GOP Senate candidate Gabriel E. Gomez sought to pre-empt President Obama's campaign rally for Democrat Edward J. Markey in Boston today, posting an online "open letter" to Obama last night that touts his own willingness to cross the aisle and calls on the president to demonstrate his bipartisanship by meeting him in Chelsea.
"I look forward to working with you to represent all the people of Massachusetts," the ex-Navy SEAL wrote. "Where we disagree, I will reach across the aisle and work to find common ground with you, and with my fellow members of Congress. As voters know, my campaign is about the future, not the past. I believe it's time for a bipartisan problem solver who will put people before politics. In that spirit of bipartisanship, while you're in Massachusetts today, I invite you to join me this afternoon at my Veterans Town Hall event in Chelsea at 2:00PM.
"While my opponent Congressman Markey is depending on the national Democratic machine in Washington, I'm depending on people of Massachusetts," Gomez wrote. "I hope you get an opportunity to meet them. Again, welcome to Massachusetts, and I look forward to working with you in Washington."
The claims of bipartisanship and the unusual challenge to meet follows a relentless campaign by Markey to cast Gomez as a tool of the national Republicans, some of whom have campaigned for him.
Gomez later said Obama's 2 p.m.
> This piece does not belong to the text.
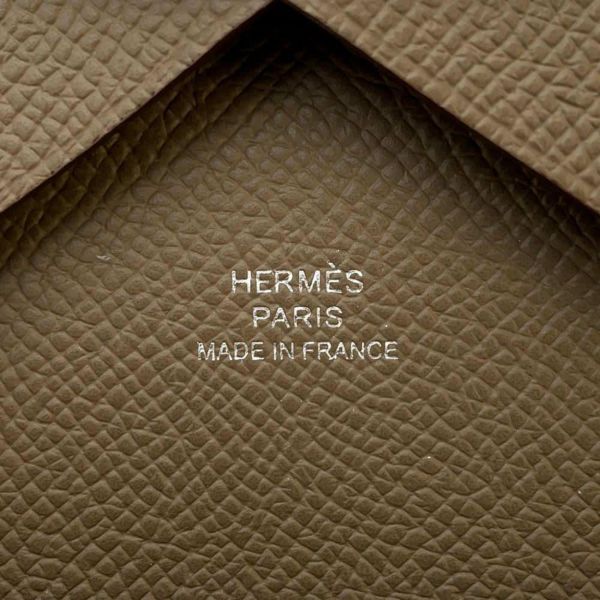 エルメス コインケース カルヴィ デュオ エトゥープ/シルバー金具 エプソン W刻印 HERMES 財布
Boston rally today shows Markey is "running scared." Two recent polls show Markey just seven points ahead of Gomez.
Last night, senior Markey adviser Mark Horan responded to Gomez's letter: "Given his history of writing to Democratic officeholders, you'd think he'd stop." The remark was a reference to Gomez's January letter to Gov. Deval Patrick asking to be appointed to replace ex-U.S. Sen. John F. Kerry, in which he touted his own vote for Obama. The letter proved an embarrassment for Gomez with Republicans.
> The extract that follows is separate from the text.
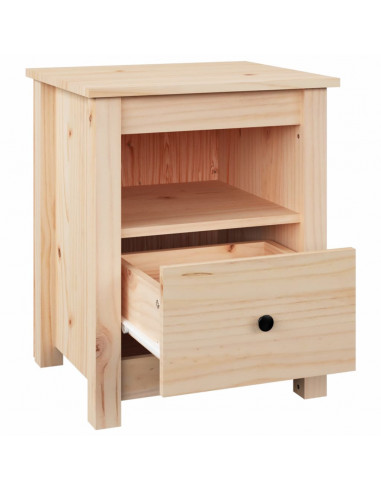 Comodino 40x35x49 cm in Legno Massello di Pino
Markey continued his line of attack as the two squared off in a debate last night in Springfield.
"These people have arrived committed to making sure that President Obama's agenda doesn't move at all. It begins with Mitch McConnell, the Republican leader in the United States Senate who was sending out letters for Mr. Gomez," Markey said.
Gomez countered that Markey has been "personally trying to demonize and make me be somebody that I'm not."